**Exercise details**
Every line below between the one holding "Christmas Mug |" and the one holding "Nike Dry Herren", inclusive, should be copied exactly, and no other line.

**Input data**
((

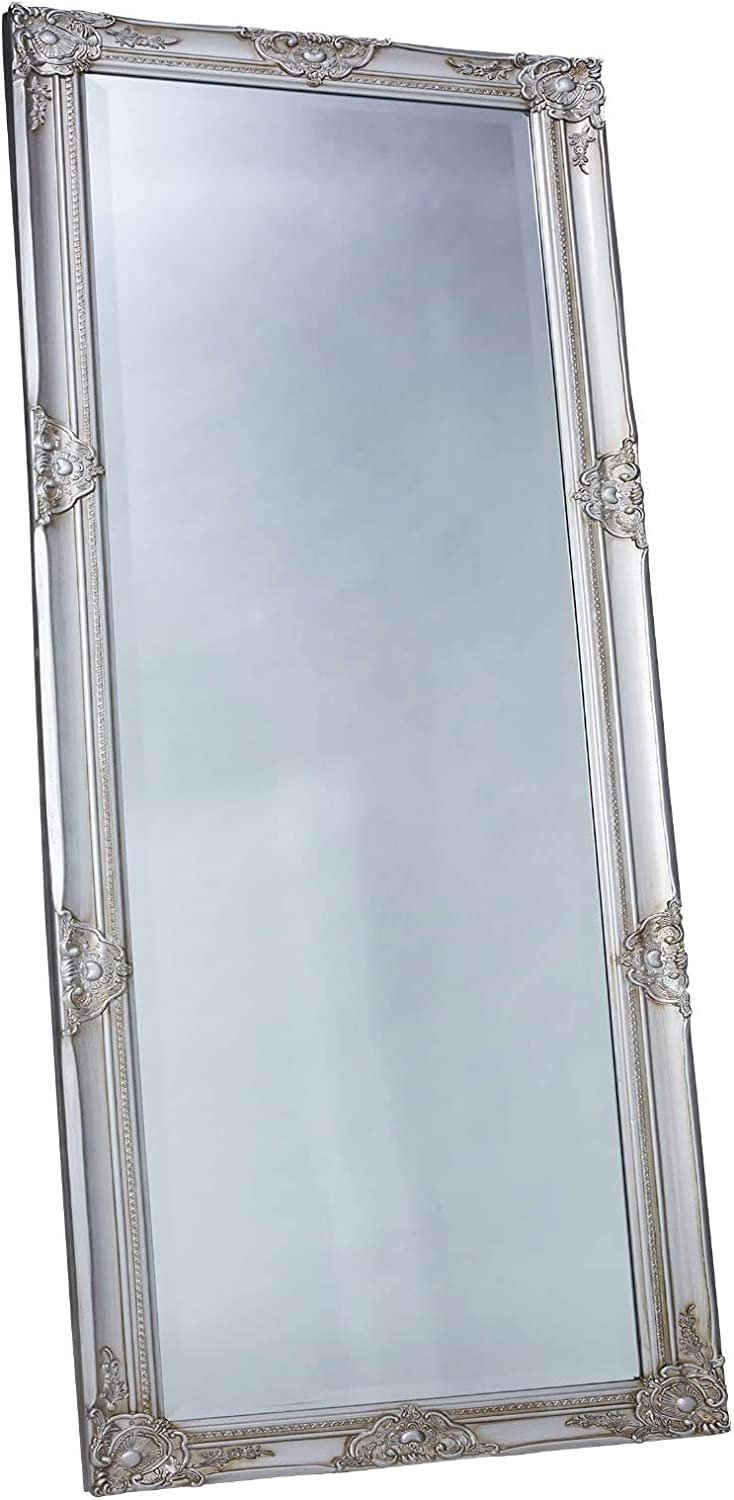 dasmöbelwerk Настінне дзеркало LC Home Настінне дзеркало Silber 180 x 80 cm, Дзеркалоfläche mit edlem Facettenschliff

))
((

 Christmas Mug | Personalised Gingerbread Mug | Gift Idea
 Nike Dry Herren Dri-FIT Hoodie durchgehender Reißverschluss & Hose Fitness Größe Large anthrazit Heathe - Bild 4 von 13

))

**Response**
 Christmas Mug | Personalised Gingerbread Mug | Gift Idea
 Nike Dry Herren Dri-FIT Hoodie durchgehender Reißverschluss & Hose Fitness Größe Large anthrazit Heathe - Bild 4 von 13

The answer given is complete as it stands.